[WORK ITEM] Repeat every record exactly as written, but leave out the pictures.

Image-text web data:
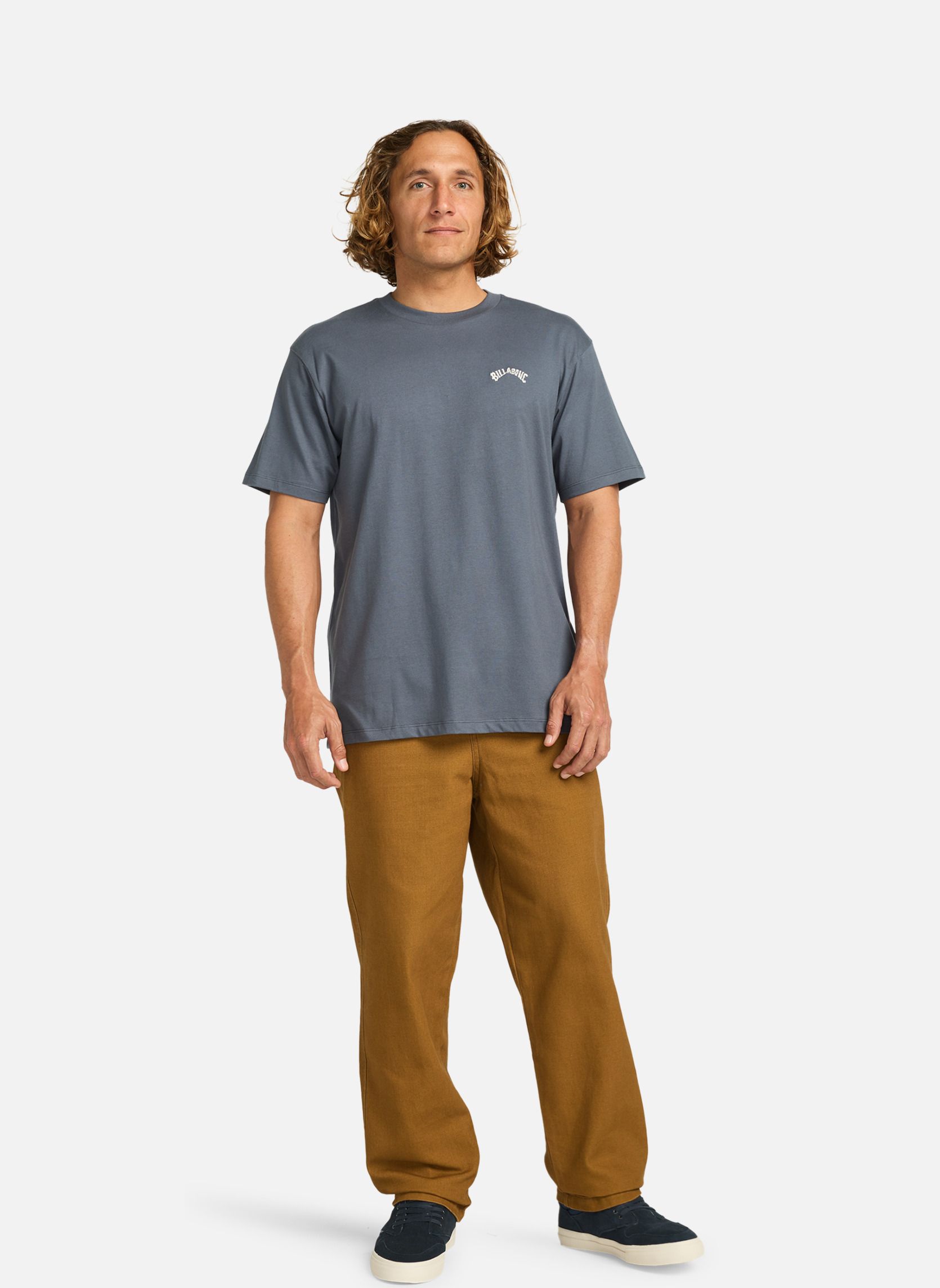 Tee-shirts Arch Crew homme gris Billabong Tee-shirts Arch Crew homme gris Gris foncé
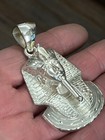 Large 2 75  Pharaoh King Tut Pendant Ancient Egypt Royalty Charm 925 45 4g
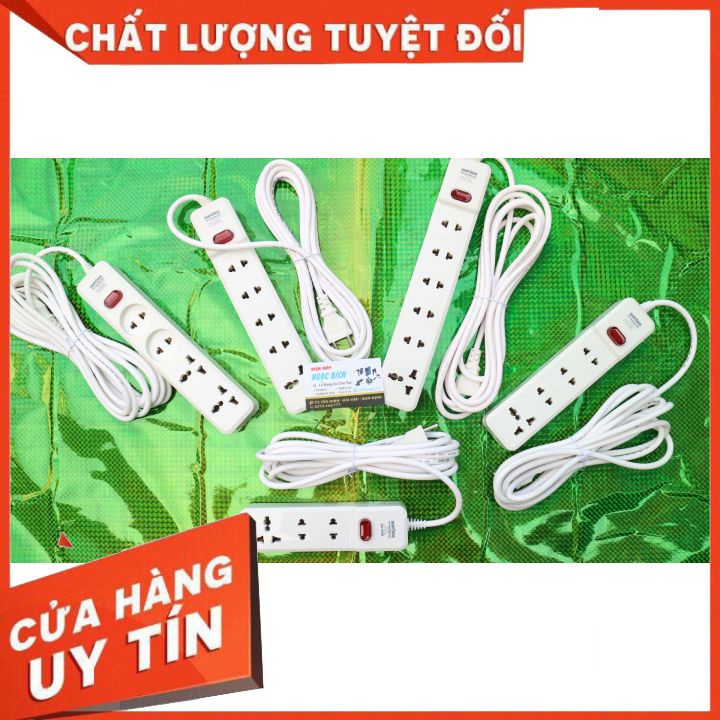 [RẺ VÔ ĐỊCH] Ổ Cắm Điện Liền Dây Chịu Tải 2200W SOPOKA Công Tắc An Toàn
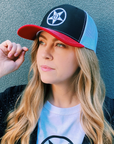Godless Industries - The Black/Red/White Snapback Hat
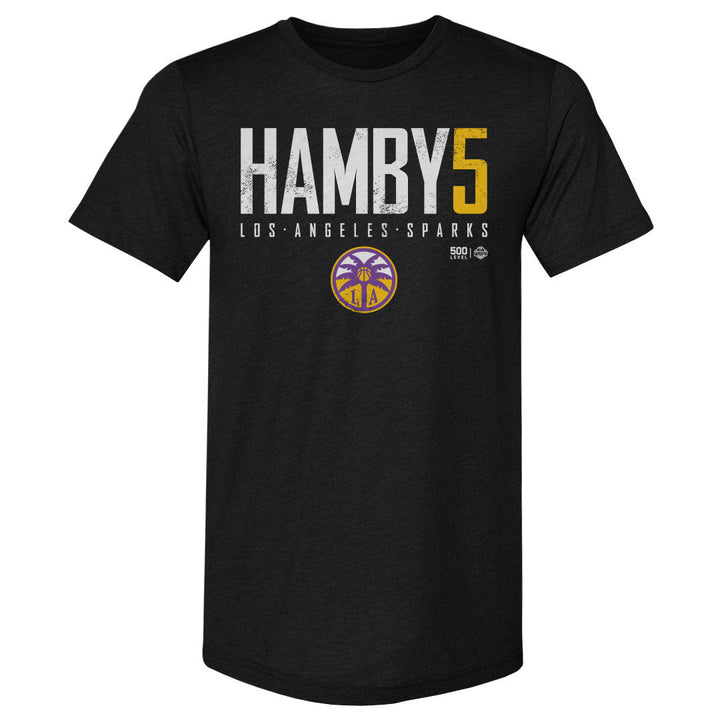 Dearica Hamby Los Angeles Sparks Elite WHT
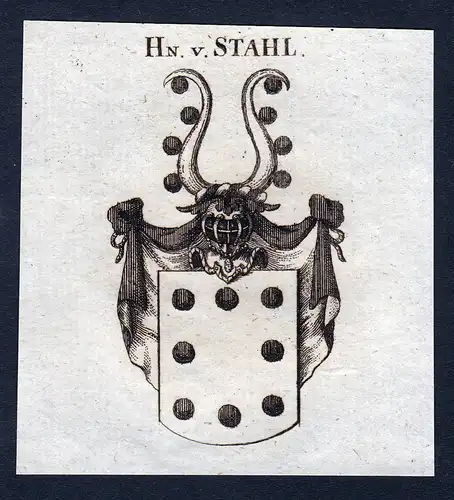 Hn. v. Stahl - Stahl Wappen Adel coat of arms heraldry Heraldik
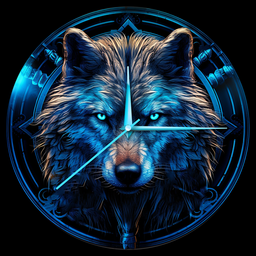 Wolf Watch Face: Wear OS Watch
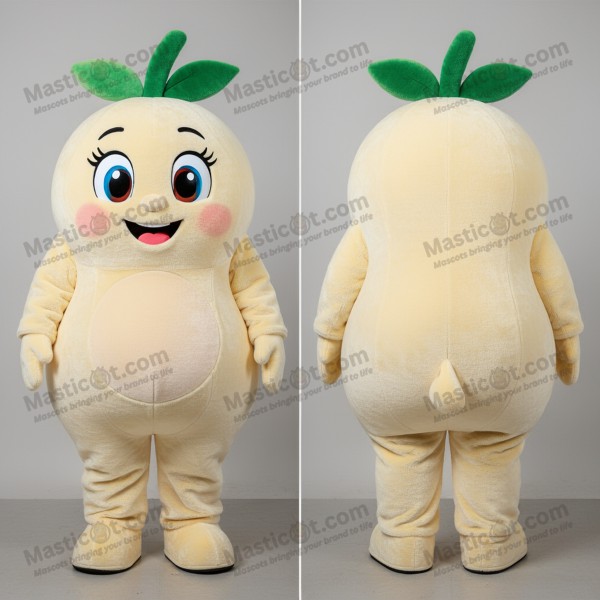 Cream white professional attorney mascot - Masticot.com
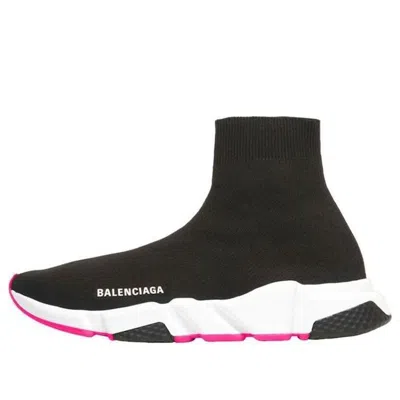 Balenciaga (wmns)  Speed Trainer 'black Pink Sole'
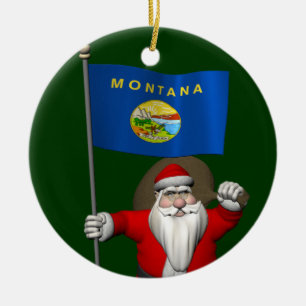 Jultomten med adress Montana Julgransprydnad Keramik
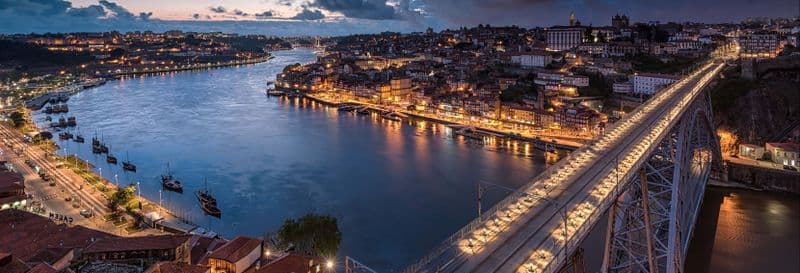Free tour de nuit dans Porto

[SOLUTION TO THIS PROBLEM]
 Tee-shirts Arch Crew homme gris Billabong Tee-shirts Arch Crew homme gris Gris foncé
 Large 2 75  Pharaoh King Tut Pendant Ancient Egypt Royalty Charm 925 45 4g
 [RẺ VÔ ĐỊCH] Ổ Cắm Điện Liền Dây Chịu Tải 2200W SOPOKA Công Tắc An Toàn
Godless Industries - The Black/Red/White Snapback Hat
 Dearica Hamby Los Angeles Sparks Elite WHT
 Hn. v. Stahl - Stahl Wappen Adel coat of arms heraldry Heraldik
 Wolf Watch Face: Wear OS Watch
 Cream white professional attorney mascot - Masticot.com
 Balenciaga (wmns)  Speed Trainer 'black Pink Sole'
 Jultomten med adress Montana Julgransprydnad Keramik
Free tour de nuit dans Porto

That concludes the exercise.